- _PROVIDED MATERIAL_:

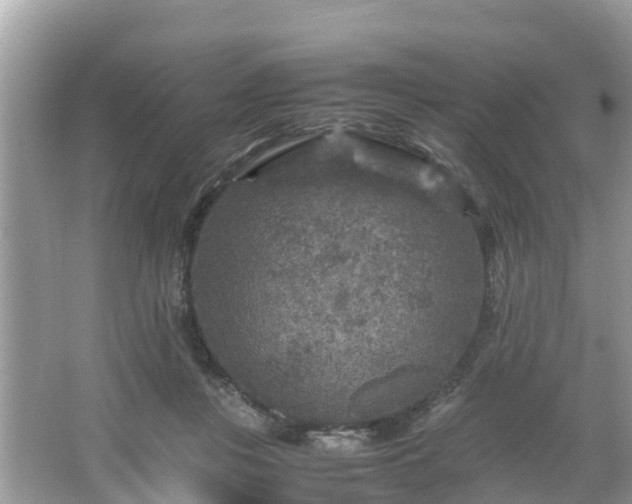 X0000066000359200603101537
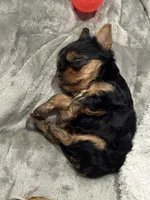 Lady Bug, a female Yorkshire Terrier for sale in Riverview, MI – Photo 2 of 4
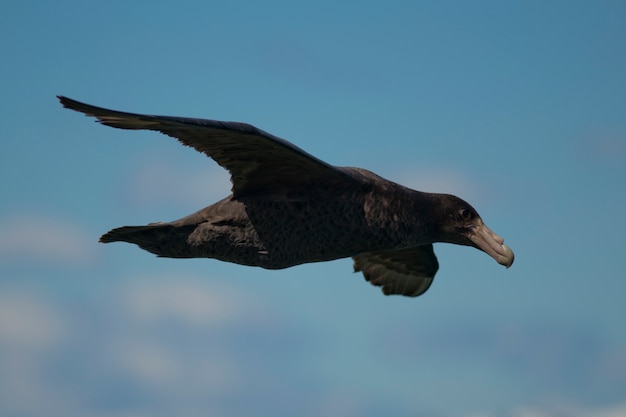 Southern Giant Petrel fliegen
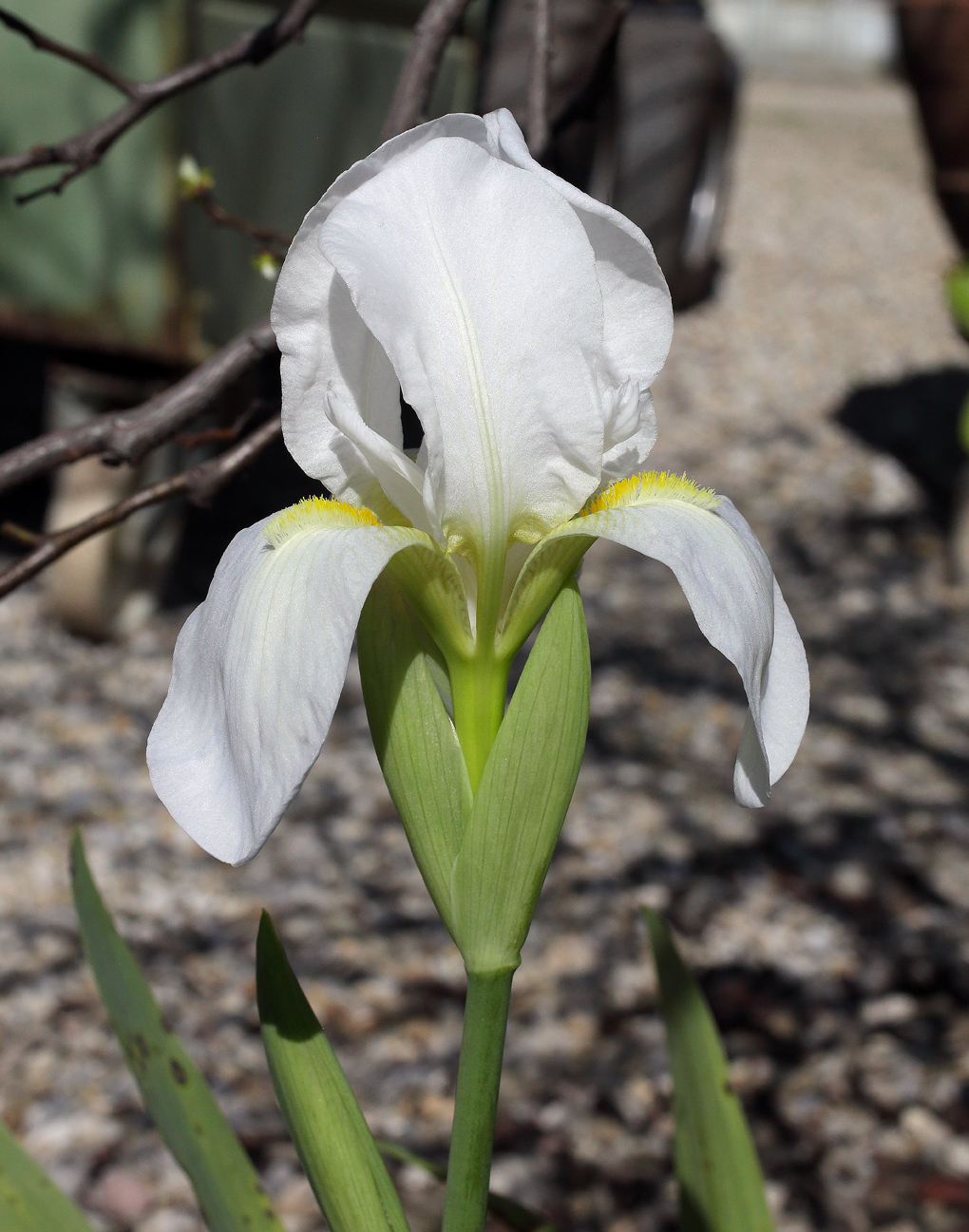 il bianco fiore dell'Iris florentina L. con un mezzo sullo sfondo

- _YOUR TASK_: Output the data above exactly; pictures do not belong in the copy.

- _ANSWER_:
 X0000066000359200603101537
 Lady Bug, a female Yorkshire Terrier for sale in Riverview, MI – Photo 2 of 4
 Southern Giant Petrel fliegen
 il bianco fiore dell'Iris florentina L. con un mezzo sullo sfondo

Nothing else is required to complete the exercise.